The Gospels reveal that in the weeks leading up to the Last Supper, Jesus knew he would soon be enduring a violent religious and political opposition that would put him to death, crucified as the archetypal act of self-sacrificial love. He also knows he is not going to resist it with arms; he even refuses to command a legion of angels to fight for him (Matthew 26:53). With that understanding, try to enter the sights and sounds of the Last Supper.

All kinds of conversations and activities are going on among the thirteen men, who have gathered privately to remember the Passover, a ritual meal that takes several hours. Jesus knows his arrest and violent death is imminent and that this would be their final meal together. In what has been called his final discourse, he many words of comfort and instruction for the Twelve and a prayer with them (John 14-17). Yet at some point during those hours of communion in that room, Jesus detects a rising attitude of violence among the Twelve that needs to be addressed. So he brings up the subject of their purses, bags, sandals, and swords. He is, in effect, wanting them to know that although things are going to be different now, his message is not changing. It is still the gospel of peace. The good news. And they are to preach it and live it after he is gone.
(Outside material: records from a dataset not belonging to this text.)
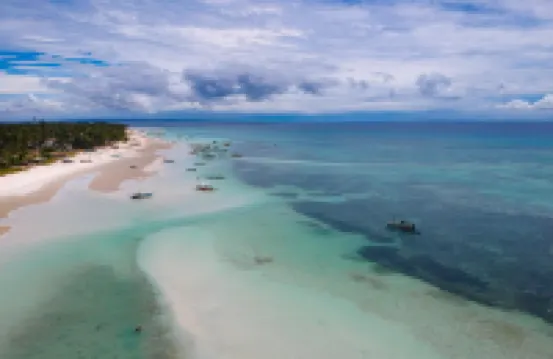 傑裏避風港度假村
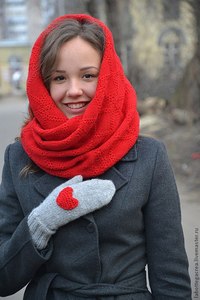 Рождественский красный шарф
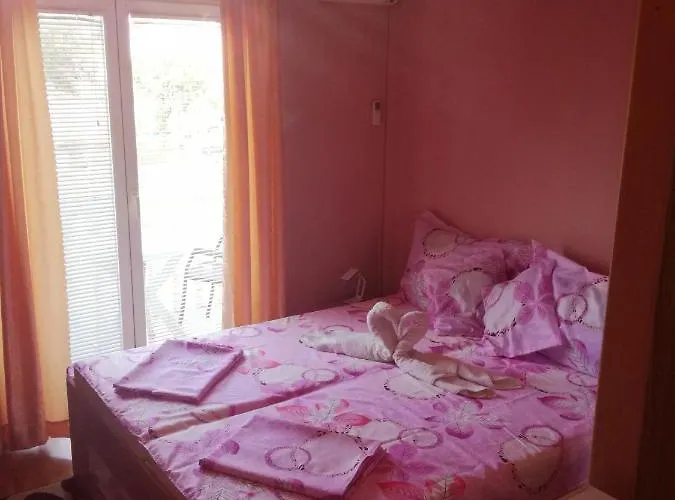House Lovric 3*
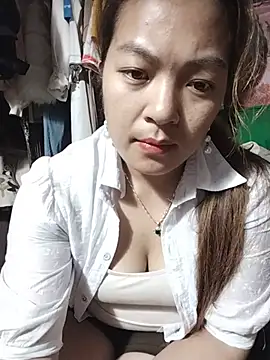Snapshot of Lucky_cutee chatting on 20, 5, 2026 Lucky cutee online show from 20, 5, 2026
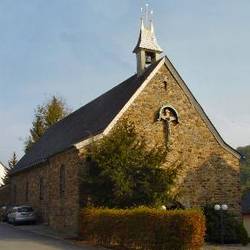 Blick auf die Kirche in Wildenau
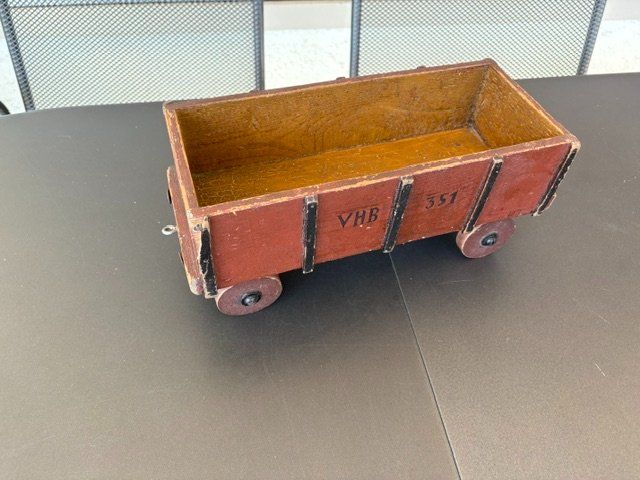 Spielzeuge: Holzspielzeug Eisenbahn – Gebraucht aus Gümligen von Suni45 4
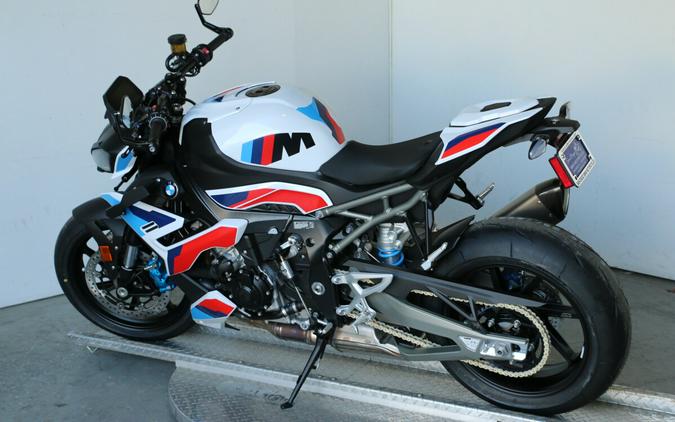 2026 BMW M 1000 R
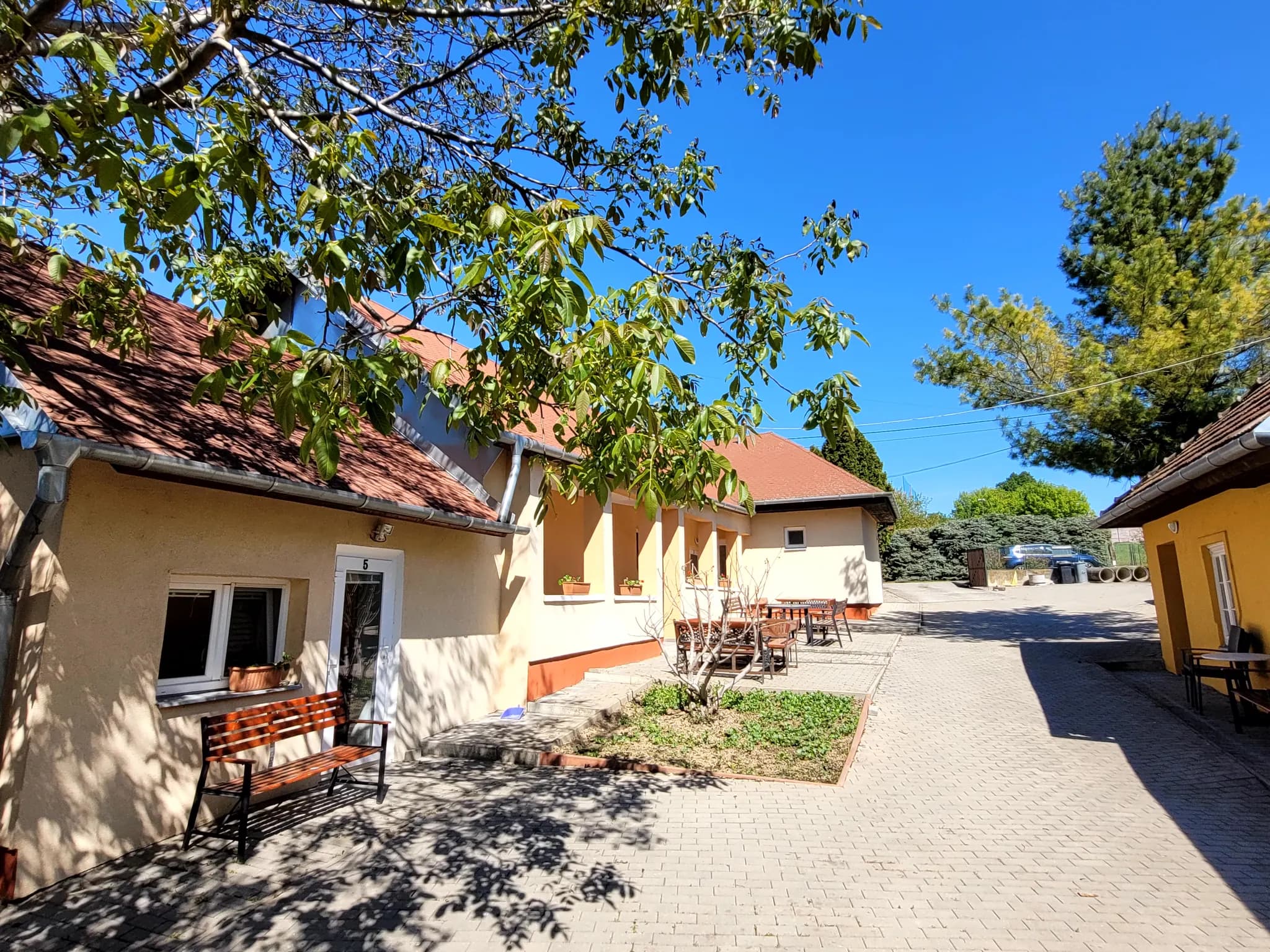 Andrejka II - dvor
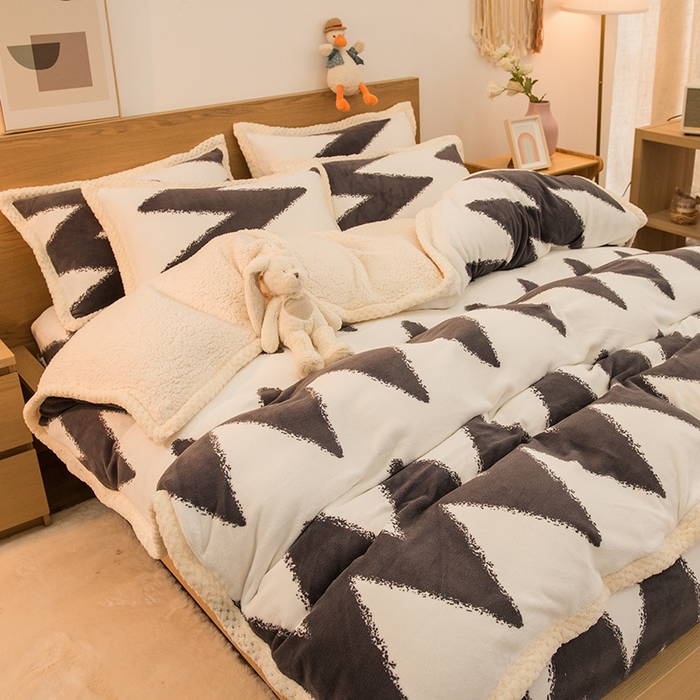 91家纺网 家纺一手货源 找家纺 宜代光年 2025新款雕花印花暖羊绒系列四件套 暖羊绒-黑白条纹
wisdom wayWhy, then, was Jesus telling them to go buy a sword? The answer is, he wasn’t. The Luke text intends for us to understand that no one at the Last Supper slipped out of the room to buy a sword. They did not need to. Two of the Twelve had arrived carrying swords: Lord, we’ve got two swords right here, they tell Jesus, no need to go buy any. As if he hadn’t noticed. Of course Jesus saw their weapons. If you have dinner guests over and two of them are packing, you may not notice that, but you’re sure going to notice if they arrive armed with swords.

What’s with the sword comment, then? The answer will emerge from clues in a few other scenes during this period. One is found in John’s Gospel, which describes a scene during Jesus’ arrest that identifies the bluntly outspoken Simon Peter as one of the two with a sword (John 18:1-11). The personal identification seems more than coincidental. Not many days before the Last Supper, Jesus had revealed to the Twelve, in plain language, that he was going to get arrested, suffer, and die. Hearing that, (Simon) Peter tried to talk Jesus out of going the way of the Cross. For having that attitude, however, Peter got rebuked by Jesus in no uncertain terms. Then Jesus immediately added: “Whoever wants to be my disciple must deny themselves and take up their cross and follow me. For whoever wants to save their life will lose it, but whoever loses their life for me will find it” (Matthew 16:21-25). Yet again, Jesus was seeking to instill in his followers a heart attitude of self-sacrificial love toward others, including enemies.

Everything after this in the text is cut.